Review by Andrew Bloom

Gracepoint: Season 1

1x10 Episode Ten

[7.1/10] Fair warning, I couldn’t help but compare this episode to the ending of Broadchurch, the show Gracepoint is based on. The first season of Broadchurch, though, has a different ending, so if you don’t want to be spoiled on that, then I’d encourage you not to keep reading!

So it’s Tom! I had heard the ending to Gracepoint was different from the Broadchurch ending, but once we got halfway through the episode, I assumed that was limited to Joe killing Danny due to an unfortunate accident rather than deliberately in a fit of rage. But making it turn out that Joe was still grooming Danny but is covering is actually a really interesting direction to take this ending.

At first blush, I might like it better than the original ending? For one thing, it makes Joe into a more complicated character. Frankly, nothing we saw about Joe in the original made it seem like he had these sort of deeds in him. That fit with the theme of “You never really know someone” the show was playing with, but it made the answer to the whodunnit feel like a little bit of a cheat, or at least a little unsatisfying.
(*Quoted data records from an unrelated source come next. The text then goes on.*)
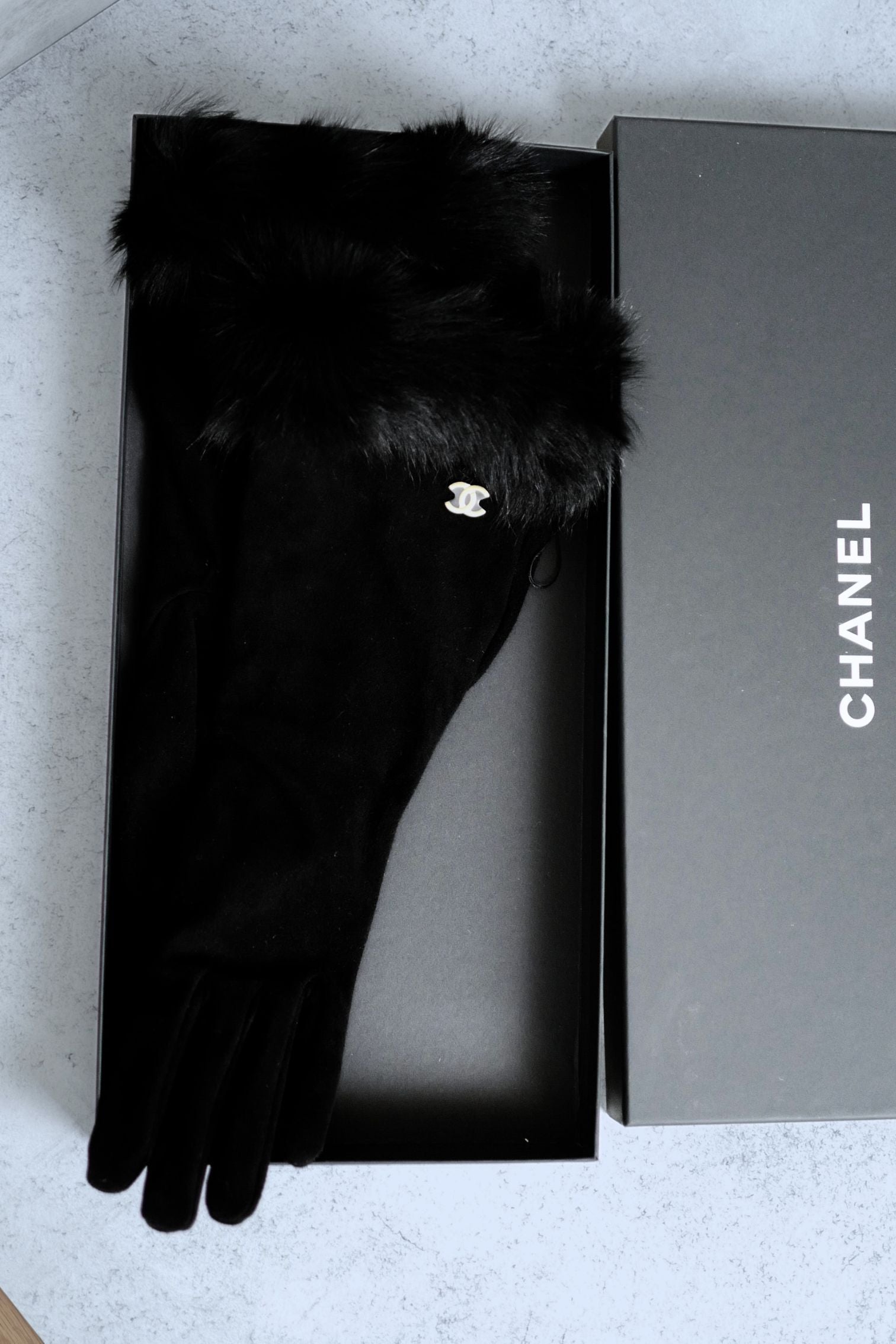 Chanel Black Suede Leather Gloves Fur Trim Gold CC Size 7.5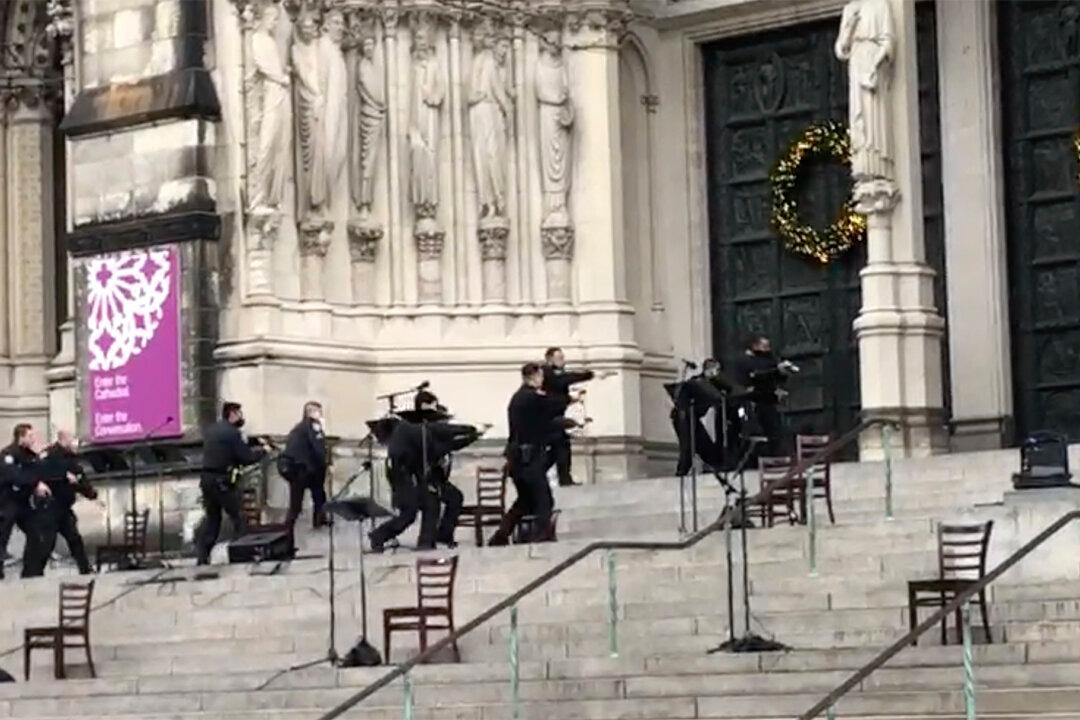 Gunman Opens Fire From NYC Cathedral Steps After Christmas Concert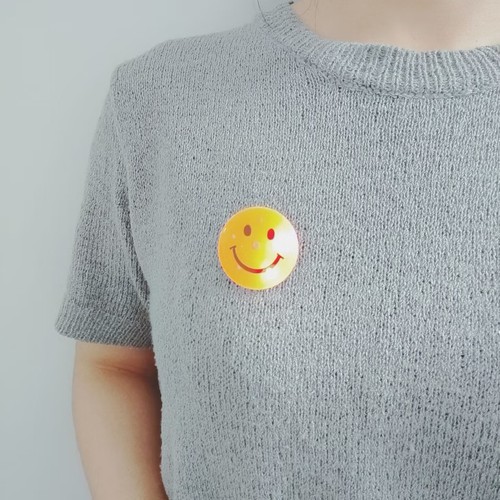 3 Stck. LED Big Yellow Smile Gesicht Blinkend Pin Karosserie Lichter Neuheit Blinker - Bild 3 von 8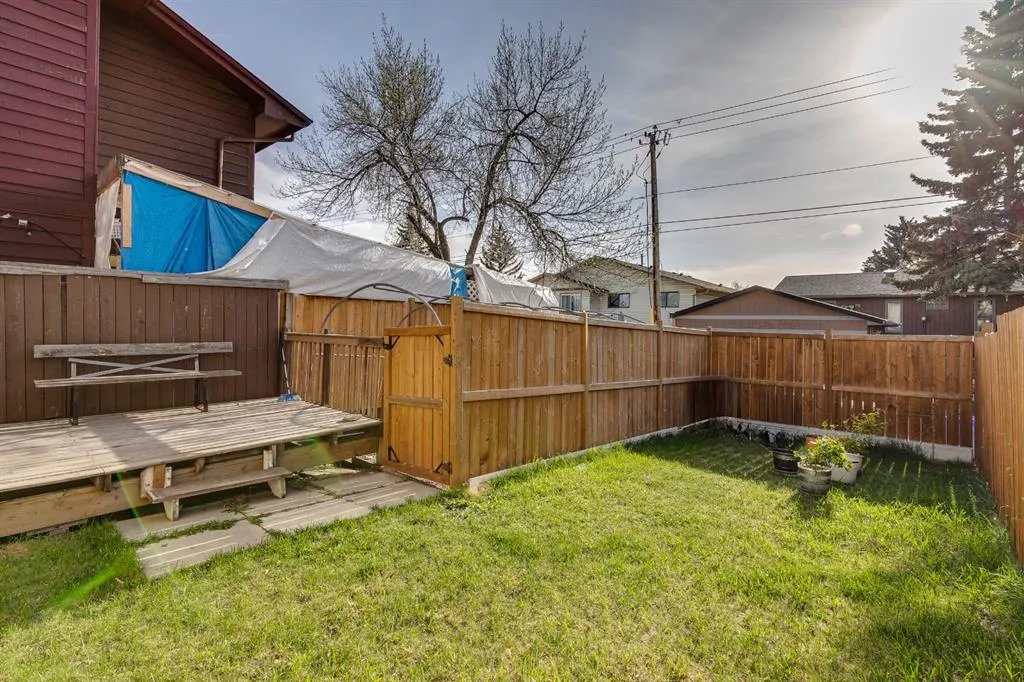 140 Templehill Drive NE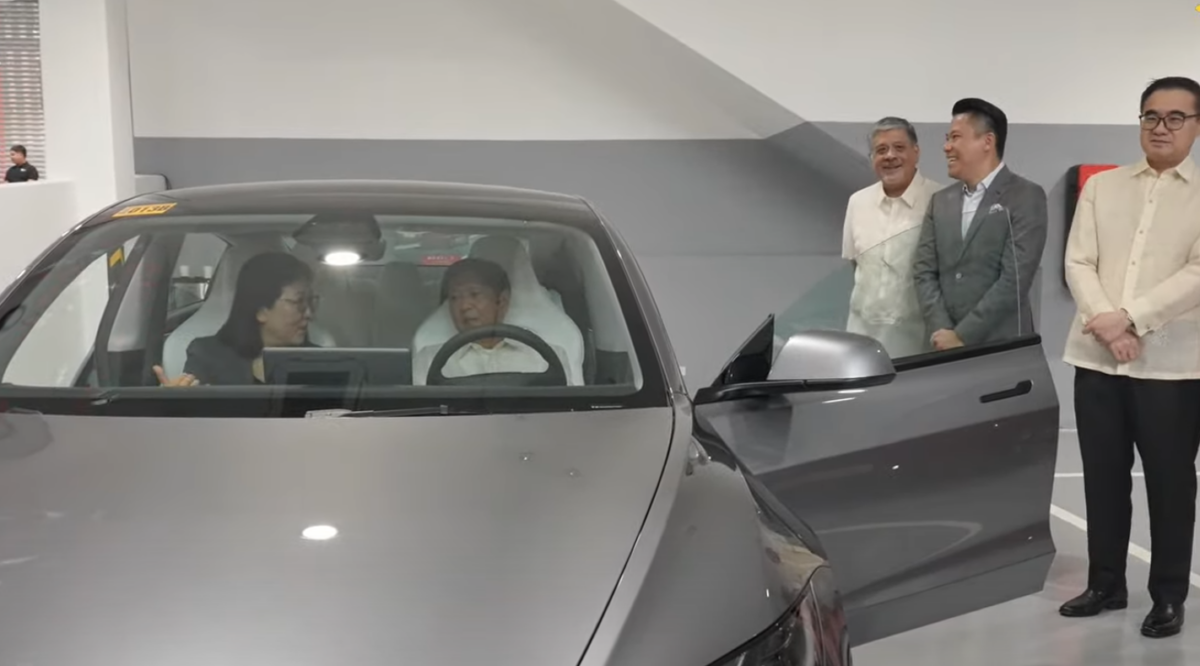 philippines-president-opens-tesla-service-center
But here, you get the best of both worlds. Joe being a pedophile is still a gut punch and serves the “You never really know someone” theme of the series. But him not having committed the murder, and instead covering for the son who tried to protect Danny from him, is more in line with the glimpses of Joe we get to that point. It doesn’t quite make him a tragic figure, but it makes him a more complicated one, someone who already did a terrible thing to one young man and was planning to do more, but who is also trying to do a noble thing out of guilt and a desire to protect another young man. I’m generally in favor of story choices that make characters more complex, and this gives Gracepoint’s Joe a dimension that his Broadchurch counterpart doesn’t have.

Granted, the actual killing scenario feels a little contrived. It requires Tom showing up at just the right moment, accidentally hitting Danny in just the right way, and Danny falling in just the wrong way to kill the poor boy. The convenience of that makes the actual killing more complicated, which is a drawback. Character-wise, Broadchurch Joe’s character motivations were more out of nowhere, but the logistics of his crime were more sound and straightforward.

At the end of the day, I think I’ll tolerate a little fudging (or at least convenience) on the logistics to get a better character out of the deal. Plus, Broadchurch spent a fair amount of time on Tom feeling guilty and even responsible in a way that didn’t seem to amount to very much in the final tally. This pays that thread off a little better. So on balance, I honestly think I may prefer this ending.

I’m even intrigued by Ellie figuring out the truth from her son and swearing to Joe that they’ll keep it a secret to protect Tom. Her partner realizing the truth from looking at a piece of evidence only he has, thereby creating a possible fault line between him and Ellie seems a little too much like a setup for a second season that never came. But on a thematic level, in a story where everyone kept big secrets despite the notion that this was a tight-knit community, I like the notion that after everything, Ellie now has a big secret of her own, one that elides the justice system she’s sworn to uphold at the same time her life has been shredded to ribbons.

Look, based only on what I saw, I still wouldn’t recommend any Broadchurch fan watch all of Gracepoint. The show seems largely like a beat-for-beat remake of the original series, and key elements like chemistry, style, and tone are inferior to the British originator. But I think Broadchurch fans ought to watch this finale just to see this alternate take on how things might have gone. Oddly enough, pieces of the ideas here show up in a different Broadchurch storyline, and it’s not hard to see why Chris Chibnall utilized it again. The answer her complicates both Ellie and Joe Miller as characters, and their relationship with what’s true and right, which makes Gracepoint a worthy “What If?”, even if it’s the lesser rendition of the same story.